Recorded data:
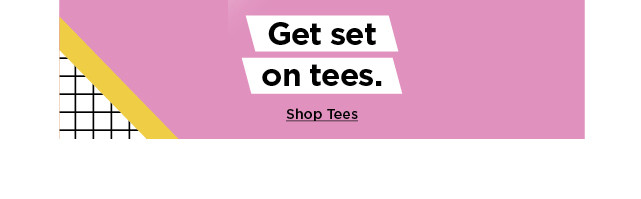 shop tees.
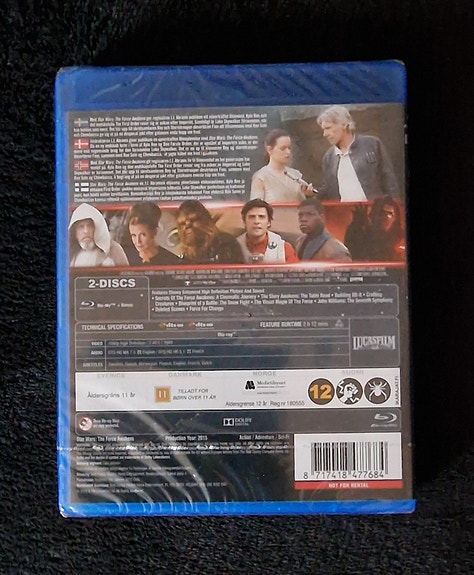 Product image 2 of 6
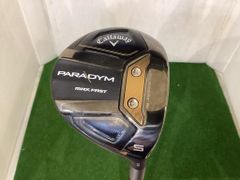 Item thumbnail for item 556f2ddf-bd60-4e78-b1a3-233afea3d55e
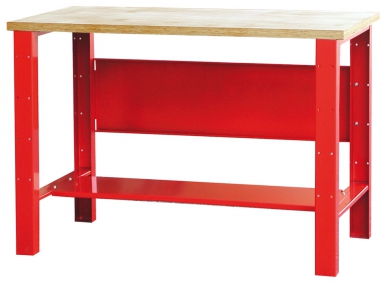 Etabli metal 120 + plat inter. disponible abidjan cote d'ivoire.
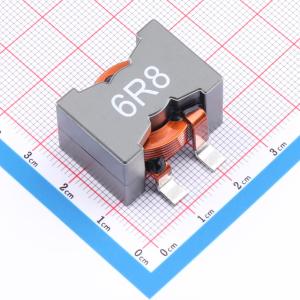 HCZC-2918HT-6R8-M商品缩略图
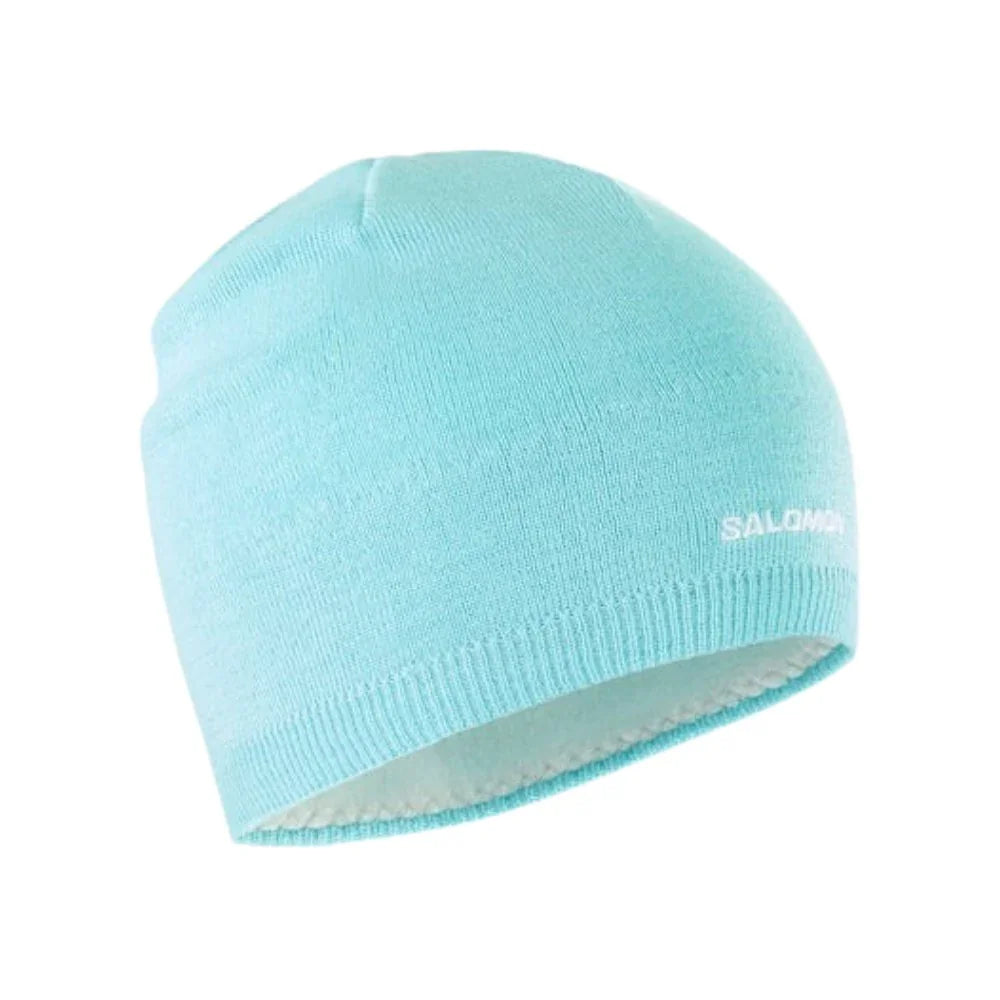 Salomon Beanie (Unisex)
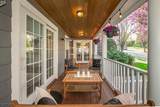 76 Club Rd - Photo 44
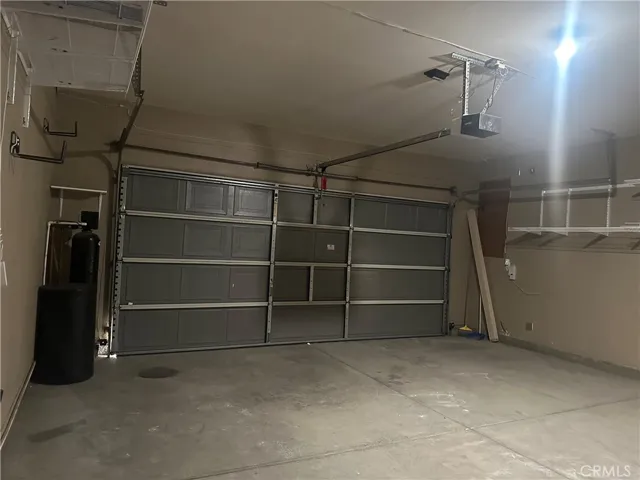 22210 Empress Street, Moreno Valley, California 92553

Your task:
Copy each entry exactly as written, and drop the pictures from the copy.

Response to this task:
 shop tees.
 Product image 2 of 6
 Item thumbnail for item 556f2ddf-bd60-4e78-b1a3-233afea3d55e
 Etabli metal 120 + plat inter. disponible abidjan cote d'ivoire.
 HCZC-2918HT-6R8-M商品缩略图
 Salomon Beanie (Unisex)
 76 Club Rd - Photo 44
 22210 Empress Street, Moreno Valley, California 92553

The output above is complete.